» **About this task**:
Each record below is to be restated word for word.

» **Data records**:
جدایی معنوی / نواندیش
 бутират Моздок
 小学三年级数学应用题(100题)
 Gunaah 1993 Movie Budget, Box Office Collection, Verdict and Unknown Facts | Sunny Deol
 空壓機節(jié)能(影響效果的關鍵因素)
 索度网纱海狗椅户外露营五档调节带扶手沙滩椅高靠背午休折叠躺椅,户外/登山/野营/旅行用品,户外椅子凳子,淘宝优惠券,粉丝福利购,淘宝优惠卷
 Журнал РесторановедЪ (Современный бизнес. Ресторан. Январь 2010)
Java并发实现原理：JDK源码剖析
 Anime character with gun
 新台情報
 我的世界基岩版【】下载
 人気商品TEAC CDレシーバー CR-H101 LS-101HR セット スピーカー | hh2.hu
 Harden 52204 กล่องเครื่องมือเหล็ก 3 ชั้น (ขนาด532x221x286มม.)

» **Answer box**:
جدایی معنوی / نواندیش
 бутират Моздок
 小学三年级数学应用题(100题)
 Gunaah 1993 Movie Budget, Box Office Collection, Verdict and Unknown Facts | Sunny Deol
 空壓機節(jié)能(影響效果的關鍵因素)
 索度网纱海狗椅户外露营五档调节带扶手沙滩椅高靠背午休折叠躺椅,户外/登山/野营/旅行用品,户外椅子凳子,淘宝优惠券,粉丝福利购,淘宝优惠卷
 Журнал РесторановедЪ (Современный бизнес. Ресторан. Январь 2010)
Java并发实现原理：JDK源码剖析
 Anime character with gun
 新台情報
 我的世界基岩版【】下载
 人気商品TEAC CDレシーバー CR-H101 LS-101HR セット スピーカー | hh2.hu
 Harden 52204 กล่องเครื่องมือเหล็ก 3 ชั้น (ขนาด532x221x286มม.)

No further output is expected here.